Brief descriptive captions

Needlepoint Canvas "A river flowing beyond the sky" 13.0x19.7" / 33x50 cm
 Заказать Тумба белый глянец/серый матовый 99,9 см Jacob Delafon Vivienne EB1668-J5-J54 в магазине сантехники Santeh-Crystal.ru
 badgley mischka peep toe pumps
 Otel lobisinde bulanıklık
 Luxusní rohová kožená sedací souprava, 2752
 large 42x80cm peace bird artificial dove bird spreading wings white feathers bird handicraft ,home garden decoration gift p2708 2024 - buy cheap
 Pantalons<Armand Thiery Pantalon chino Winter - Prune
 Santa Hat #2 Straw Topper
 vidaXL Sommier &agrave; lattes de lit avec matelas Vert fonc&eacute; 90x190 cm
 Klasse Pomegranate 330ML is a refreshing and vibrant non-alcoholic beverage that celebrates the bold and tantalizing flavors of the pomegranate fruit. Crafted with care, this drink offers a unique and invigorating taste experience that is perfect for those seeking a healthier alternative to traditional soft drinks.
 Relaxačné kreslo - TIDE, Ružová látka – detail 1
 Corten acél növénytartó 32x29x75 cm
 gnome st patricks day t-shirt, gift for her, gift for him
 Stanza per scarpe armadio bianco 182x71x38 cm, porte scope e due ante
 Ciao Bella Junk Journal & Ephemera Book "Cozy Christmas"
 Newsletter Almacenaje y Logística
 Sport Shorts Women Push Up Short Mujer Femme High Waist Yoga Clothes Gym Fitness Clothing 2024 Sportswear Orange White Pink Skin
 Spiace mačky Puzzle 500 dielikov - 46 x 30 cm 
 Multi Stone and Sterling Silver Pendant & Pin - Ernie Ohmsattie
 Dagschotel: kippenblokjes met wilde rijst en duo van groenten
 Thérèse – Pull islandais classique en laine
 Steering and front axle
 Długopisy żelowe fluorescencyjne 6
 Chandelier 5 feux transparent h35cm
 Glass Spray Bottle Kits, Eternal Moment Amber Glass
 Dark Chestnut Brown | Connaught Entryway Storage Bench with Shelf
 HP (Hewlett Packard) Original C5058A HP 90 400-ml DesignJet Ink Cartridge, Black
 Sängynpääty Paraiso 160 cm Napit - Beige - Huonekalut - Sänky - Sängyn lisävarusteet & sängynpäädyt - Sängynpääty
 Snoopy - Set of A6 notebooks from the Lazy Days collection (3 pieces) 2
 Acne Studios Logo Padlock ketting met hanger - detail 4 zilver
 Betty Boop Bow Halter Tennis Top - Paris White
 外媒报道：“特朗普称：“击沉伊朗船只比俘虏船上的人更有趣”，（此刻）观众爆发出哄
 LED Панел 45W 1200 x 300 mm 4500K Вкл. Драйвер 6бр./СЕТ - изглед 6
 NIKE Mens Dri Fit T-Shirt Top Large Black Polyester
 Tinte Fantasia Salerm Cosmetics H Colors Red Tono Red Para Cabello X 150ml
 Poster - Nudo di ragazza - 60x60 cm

- **Instructions to follow**: An exact reproduction of the data is required. Leave nothing out.

- **Reply**:
Needlepoint Canvas "A river flowing beyond the sky" 13.0x19.7" / 33x50 cm
 Заказать Тумба белый глянец/серый матовый 99,9 см Jacob Delafon Vivienne EB1668-J5-J54 в магазине сантехники Santeh-Crystal.ru
 badgley mischka peep toe pumps
 Otel lobisinde bulanıklık
 Luxusní rohová kožená sedací souprava, 2752
 large 42x80cm peace bird artificial dove bird spreading wings white feathers bird handicraft ,home garden decoration gift p2708 2024 - buy cheap
 Pantalons<Armand Thiery Pantalon chino Winter - Prune
 Santa Hat #2 Straw Topper
 vidaXL Sommier &agrave; lattes de lit avec matelas Vert fonc&eacute; 90x190 cm
 Klasse Pomegranate 330ML is a refreshing and vibrant non-alcoholic beverage that celebrates the bold and tantalizing flavors of the pomegranate fruit. Crafted with care, this drink offers a unique and invigorating taste experience that is perfect for those seeking a healthier alternative to traditional soft drinks.
 Relaxačné kreslo - TIDE, Ružová látka – detail 1
 Corten acél növénytartó 32x29x75 cm
 gnome st patricks day t-shirt, gift for her, gift for him
 Stanza per scarpe armadio bianco 182x71x38 cm, porte scope e due ante
 Ciao Bella Junk Journal & Ephemera Book "Cozy Christmas"
 Newsletter Almacenaje y Logística
 Sport Shorts Women Push Up Short Mujer Femme High Waist Yoga Clothes Gym Fitness Clothing 2024 Sportswear Orange White Pink Skin
 Spiace mačky Puzzle 500 dielikov - 46 x 30 cm 
 Multi Stone and Sterling Silver Pendant & Pin - Ernie Ohmsattie
 Dagschotel: kippenblokjes met wilde rijst en duo van groenten
 Thérèse – Pull islandais classique en laine
 Steering and front axle
 Długopisy żelowe fluorescencyjne 6
 Chandelier 5 feux transparent h35cm
 Glass Spray Bottle Kits, Eternal Moment Amber Glass
 Dark Chestnut Brown | Connaught Entryway Storage Bench with Shelf
 HP (Hewlett Packard) Original C5058A HP 90 400-ml DesignJet Ink Cartridge, Black
 Sängynpääty Paraiso 160 cm Napit - Beige - Huonekalut - Sänky - Sängyn lisävarusteet & sängynpäädyt - Sängynpääty
 Snoopy - Set of A6 notebooks from the Lazy Days collection (3 pieces) 2
 Acne Studios Logo Padlock ketting met hanger - detail 4 zilver
 Betty Boop Bow Halter Tennis Top - Paris White
 外媒报道：“特朗普称：“击沉伊朗船只比俘虏船上的人更有趣”，（此刻）观众爆发出哄
 LED Панел 45W 1200 x 300 mm 4500K Вкл. Драйвер 6бр./СЕТ - изглед 6
 NIKE Mens Dri Fit T-Shirt Top Large Black Polyester
 Tinte Fantasia Salerm Cosmetics H Colors Red Tono Red Para Cabello X 150ml
 Poster - Nudo di ragazza - 60x60 cm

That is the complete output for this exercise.